The effectiveness of the CoE is greatest when it has the authority to influence actions. This authority is provided through the governance structure (see my April 2006 column). At one end of the spectrum, the CoE is purely advisory; at the other end, it is responsible for some tasks and has the power to dictate what other groups can and cannot do. The best approach depends a lot on company culture. Often there are some areas over which the group is merely an adviser and others over which it has decision-making and enforcement authority.

One of the CoE's roles may be to serve as a reference point for best practice information. For this role, an advisory service may be sufficient - the team would provide other areas with information about best practices (including suggested templates) and the receiving area may determine how to apply these. Another role could be to establish and enforce certain standards (e.g., data naming and definition standards, technology standards). When the role addresses standards, an enforcement body is critical, and the CoE can be that body. When the CoE has enforcement authority, an appeal process should also be put in place, with the ultimate decision resting in the hands of the steering committee that oversees the CoE.

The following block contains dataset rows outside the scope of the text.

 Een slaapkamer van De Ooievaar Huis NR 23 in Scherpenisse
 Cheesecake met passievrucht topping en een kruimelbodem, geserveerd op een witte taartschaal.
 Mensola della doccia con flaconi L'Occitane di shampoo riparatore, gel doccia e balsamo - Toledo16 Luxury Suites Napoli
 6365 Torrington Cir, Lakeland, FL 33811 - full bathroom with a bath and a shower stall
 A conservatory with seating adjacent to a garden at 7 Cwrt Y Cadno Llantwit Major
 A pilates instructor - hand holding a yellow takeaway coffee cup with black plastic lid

A CoE can be a resource center or an active participant in development and support activities (or both). As a resource center, the CoE provides a library of materials and services to support other areas. Materials may include reference articles, best practice templates and procedures, and advice. As a participant in development and support activities, common responsibilities include internal consulting, standards development, quality reviews, data integration and information delivery.

Organizational Placement and Staffing

The organizational placement and staffing of the group needs to be commensurate with its authority and role.

One option is to create a CoE as a virtual organization. While this could work for a CoE with limited authority that is solely providing advisory services, I do not recommend this approach except possibly as a first step toward establishing a more formal structure.

To be viable, the CoE should be a formal, visible part of the organization with placement equal to its authority. If it is buried too deeply within the IT group, for example, it will not be perceived as having significant authority. One of the critical success factors of a CoE will be its ability to provide an acceptable service level. The formal structure provides the necessary budget and staffing levels with the team's manager controlling staff priorities. (In a matrix organization, the priorities are frequently outside the team manager's control.)

Appropriate staffing is also critical to the team's success. It almost goes without saying that each member of the staff needs to possess the technical skills for his or her responsibility. In addition, every staff member must have very strong interpersonal skills. Team members need to be open to new ideas. They must be effective negotiators because there is frequently more than one way to accomplish a task. They need to believe in collaboration and the value of enterprise-wide approaches because they are promoting these concepts. They need to be effective written and verbal communicators, and they must understand how to help people learn.

Technological Support

As with any team responsible to accomplish a mission, the CoE must have appropriate technology. This includes repositories for storing and accessing best practice information, tools for data integration and delivery, and tools for collaboration.

Centers of excellence come in many flavors. They can vary with respect to their authority, role and organizational placement. To ensure success of the CoE, it needs to be sanctioned through the governance structure, and its authority must be understood and communicated. Its responsibilities need to be understood by both the members of the team and the rest of the organization. Finally, to be effective, it should be an appropriately placed formal organizational unit, with a budget and staffing level commensurate with its responsibilities. A charter that explains these characteristics, measurements for success and governing processes is a useful tool for documentation and communication.

Data integration and information delivery responsibilities will be explored in future columns.